Qualcosa però, almeno a livello di decoro estetico si potrebbe fare. Le t-shirt con il volto della Monna Lisa che fa la linguaccia, le mascherine di Venezia in San Lorenzo o i grembiulini con le grazie del David stampate sopra non sono un bello spettacolo.
"Ricordo il grande disagio che provavo quando vedevo i venditori abusivi piazzare agli stranieri stampe con un cavallo che corre sulla spiaggia fuori dall’Accademia. Ma che senso ha? Per il resto come si può imporre di cambiare l’offerta merceologica? Il Comune un po’ ci prova: almeno si è detto basta ai grappoli di borse attaccate ai palazzi storici. Che poi diciamocelo sbattere la testa su un muro di cuoio non è certo piacevole".
Strana gente i fiorentini. S’indignano per la città svenduta e poi sono i primi a svenderla.
"Un classico, si giudica sempre solo quello che fanno gli altri. Io però, oltre che per lo snaturamento dei palazzi pieni di airbnb e di un centro che è sempre più respingente per i fiorentini, sono preoccupata per i giovani".
In che senso?
"Non possiamo essere noi a biasimare un ragazzo che mette a rendita la casa ereditata dalla nonna ma allo svilimento culturale di Firenze non ci pensiamo? La conoscenza, il mettersi in gioco servono per provare a progredire. Così invece ci si siede. Speriamo di non tornare a essere tutti come i servitori di piazza del Settecento che proponevano visite ai musei perché magari avevano qualche conoscenza negli uffici granducali".

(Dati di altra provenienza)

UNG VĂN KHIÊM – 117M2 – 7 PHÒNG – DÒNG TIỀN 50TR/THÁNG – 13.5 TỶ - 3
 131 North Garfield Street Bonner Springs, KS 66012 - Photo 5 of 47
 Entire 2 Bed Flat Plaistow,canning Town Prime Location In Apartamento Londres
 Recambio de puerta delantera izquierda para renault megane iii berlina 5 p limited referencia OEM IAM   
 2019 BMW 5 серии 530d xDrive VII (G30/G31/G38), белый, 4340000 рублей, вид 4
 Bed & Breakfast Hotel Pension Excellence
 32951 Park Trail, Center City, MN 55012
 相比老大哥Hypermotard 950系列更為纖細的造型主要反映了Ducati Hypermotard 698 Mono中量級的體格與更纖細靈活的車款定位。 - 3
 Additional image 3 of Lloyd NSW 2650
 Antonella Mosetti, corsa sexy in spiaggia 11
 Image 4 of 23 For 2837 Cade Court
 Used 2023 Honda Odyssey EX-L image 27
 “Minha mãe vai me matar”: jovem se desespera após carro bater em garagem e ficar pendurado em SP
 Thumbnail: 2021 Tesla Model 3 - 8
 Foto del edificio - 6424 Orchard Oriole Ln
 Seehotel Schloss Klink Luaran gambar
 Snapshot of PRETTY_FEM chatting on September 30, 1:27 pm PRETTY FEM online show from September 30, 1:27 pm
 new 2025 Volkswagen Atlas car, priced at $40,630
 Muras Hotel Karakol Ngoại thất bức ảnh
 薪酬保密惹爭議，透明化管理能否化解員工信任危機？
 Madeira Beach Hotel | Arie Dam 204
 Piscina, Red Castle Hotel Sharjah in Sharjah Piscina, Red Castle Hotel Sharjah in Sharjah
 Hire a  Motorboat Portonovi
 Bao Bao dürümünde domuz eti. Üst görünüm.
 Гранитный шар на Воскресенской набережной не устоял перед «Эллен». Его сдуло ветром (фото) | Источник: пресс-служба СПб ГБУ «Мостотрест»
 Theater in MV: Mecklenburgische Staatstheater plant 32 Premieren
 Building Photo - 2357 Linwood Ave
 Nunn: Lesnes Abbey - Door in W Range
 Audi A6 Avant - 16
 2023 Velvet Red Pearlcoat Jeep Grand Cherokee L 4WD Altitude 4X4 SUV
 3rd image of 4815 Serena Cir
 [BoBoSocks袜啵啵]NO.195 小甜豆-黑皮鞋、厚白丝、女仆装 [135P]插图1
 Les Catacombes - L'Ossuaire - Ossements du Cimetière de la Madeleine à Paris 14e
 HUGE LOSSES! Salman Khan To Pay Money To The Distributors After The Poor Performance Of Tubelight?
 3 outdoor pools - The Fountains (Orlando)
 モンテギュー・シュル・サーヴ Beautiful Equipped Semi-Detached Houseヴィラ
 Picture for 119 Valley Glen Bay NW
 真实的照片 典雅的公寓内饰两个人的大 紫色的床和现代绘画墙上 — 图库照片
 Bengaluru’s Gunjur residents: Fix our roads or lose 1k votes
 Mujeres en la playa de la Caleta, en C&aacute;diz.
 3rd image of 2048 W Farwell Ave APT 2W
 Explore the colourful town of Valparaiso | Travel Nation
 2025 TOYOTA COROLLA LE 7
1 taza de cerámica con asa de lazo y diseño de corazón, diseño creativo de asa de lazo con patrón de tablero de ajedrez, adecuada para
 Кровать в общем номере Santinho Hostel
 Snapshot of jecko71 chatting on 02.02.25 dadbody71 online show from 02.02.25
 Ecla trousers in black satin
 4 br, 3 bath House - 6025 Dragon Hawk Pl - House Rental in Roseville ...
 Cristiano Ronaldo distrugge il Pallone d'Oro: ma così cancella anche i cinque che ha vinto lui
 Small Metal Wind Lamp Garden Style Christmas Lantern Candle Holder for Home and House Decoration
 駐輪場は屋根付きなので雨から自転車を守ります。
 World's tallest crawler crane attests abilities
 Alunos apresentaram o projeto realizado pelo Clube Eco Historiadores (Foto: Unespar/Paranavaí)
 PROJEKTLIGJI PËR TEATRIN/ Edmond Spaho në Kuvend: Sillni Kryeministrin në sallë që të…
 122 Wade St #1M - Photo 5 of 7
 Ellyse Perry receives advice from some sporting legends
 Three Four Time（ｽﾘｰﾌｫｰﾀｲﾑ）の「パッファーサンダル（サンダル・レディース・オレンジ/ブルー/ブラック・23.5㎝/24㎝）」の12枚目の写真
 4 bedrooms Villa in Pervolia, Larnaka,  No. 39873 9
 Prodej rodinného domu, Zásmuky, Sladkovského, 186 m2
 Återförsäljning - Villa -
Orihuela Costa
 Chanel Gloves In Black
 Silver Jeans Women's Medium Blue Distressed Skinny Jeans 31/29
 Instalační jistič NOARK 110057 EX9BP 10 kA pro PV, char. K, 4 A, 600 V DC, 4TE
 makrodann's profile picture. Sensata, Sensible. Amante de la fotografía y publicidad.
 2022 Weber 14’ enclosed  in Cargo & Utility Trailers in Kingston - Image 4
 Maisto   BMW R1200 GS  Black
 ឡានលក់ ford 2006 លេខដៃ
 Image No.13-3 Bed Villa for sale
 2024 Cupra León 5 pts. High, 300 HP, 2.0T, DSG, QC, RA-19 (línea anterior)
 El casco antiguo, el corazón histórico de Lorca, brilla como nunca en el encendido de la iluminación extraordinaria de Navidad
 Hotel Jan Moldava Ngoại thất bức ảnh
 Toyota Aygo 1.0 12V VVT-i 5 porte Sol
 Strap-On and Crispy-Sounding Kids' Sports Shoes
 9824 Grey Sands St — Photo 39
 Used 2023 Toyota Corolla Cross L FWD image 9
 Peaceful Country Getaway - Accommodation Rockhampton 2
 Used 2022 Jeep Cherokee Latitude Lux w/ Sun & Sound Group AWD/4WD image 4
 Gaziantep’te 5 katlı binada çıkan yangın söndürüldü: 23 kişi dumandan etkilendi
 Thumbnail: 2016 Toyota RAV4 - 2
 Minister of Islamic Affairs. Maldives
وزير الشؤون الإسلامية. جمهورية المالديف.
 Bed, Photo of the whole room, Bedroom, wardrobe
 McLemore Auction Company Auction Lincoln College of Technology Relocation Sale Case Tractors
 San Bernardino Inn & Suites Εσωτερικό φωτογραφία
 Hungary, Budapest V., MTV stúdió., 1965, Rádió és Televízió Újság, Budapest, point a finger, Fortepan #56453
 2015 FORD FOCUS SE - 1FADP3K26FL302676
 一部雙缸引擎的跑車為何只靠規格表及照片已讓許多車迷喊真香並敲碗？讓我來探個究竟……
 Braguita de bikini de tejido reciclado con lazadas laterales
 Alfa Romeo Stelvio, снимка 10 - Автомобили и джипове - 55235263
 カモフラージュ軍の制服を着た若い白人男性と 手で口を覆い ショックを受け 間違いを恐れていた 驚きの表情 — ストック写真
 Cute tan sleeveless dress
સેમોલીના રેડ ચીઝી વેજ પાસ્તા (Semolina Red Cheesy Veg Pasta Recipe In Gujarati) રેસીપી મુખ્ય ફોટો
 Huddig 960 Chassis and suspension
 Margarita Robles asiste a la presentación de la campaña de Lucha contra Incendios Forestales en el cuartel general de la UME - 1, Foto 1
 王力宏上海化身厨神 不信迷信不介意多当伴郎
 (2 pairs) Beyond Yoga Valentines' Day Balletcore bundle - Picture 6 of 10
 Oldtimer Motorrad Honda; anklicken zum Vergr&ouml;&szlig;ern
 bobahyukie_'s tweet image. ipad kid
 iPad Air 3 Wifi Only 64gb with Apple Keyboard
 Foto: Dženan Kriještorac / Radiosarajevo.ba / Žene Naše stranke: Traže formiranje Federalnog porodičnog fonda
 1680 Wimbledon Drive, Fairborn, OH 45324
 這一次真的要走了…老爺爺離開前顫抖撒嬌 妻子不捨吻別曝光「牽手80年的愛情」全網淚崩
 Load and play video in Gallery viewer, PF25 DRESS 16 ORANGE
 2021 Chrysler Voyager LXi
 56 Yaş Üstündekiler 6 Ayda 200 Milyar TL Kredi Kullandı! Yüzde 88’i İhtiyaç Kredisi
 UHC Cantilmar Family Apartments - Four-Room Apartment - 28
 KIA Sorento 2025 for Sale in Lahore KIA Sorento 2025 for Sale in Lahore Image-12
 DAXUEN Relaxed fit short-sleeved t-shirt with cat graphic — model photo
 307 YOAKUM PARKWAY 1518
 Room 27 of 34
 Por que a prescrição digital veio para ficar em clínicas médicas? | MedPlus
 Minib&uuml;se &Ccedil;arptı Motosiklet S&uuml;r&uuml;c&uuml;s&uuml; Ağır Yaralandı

Il paragone con la vicina Prato per esempio è impietoso. Negli ultimi decenni ha prodotto premi Oscar, premi Strega... Forse perché aveva fame. E Firenze? Satolla?
"Certo, è un esempio che regge. Se non si ha lo stimolo di crescere e ci si accontenta...".
Insomma la città non se la passa bene professoressa?
"Il centro storico. E’ ostile con gli stessi fiorentini. Perché mai io dovrei andare a vedere una vetrina in centro se non ce ne sono più di belle, se non c’è più la qualità? Tutti locali uguali che vendono merce scadente e che mi auguro in molti casi non siano attività di facciata. Meglio allora un centro commerciale in periferia no?".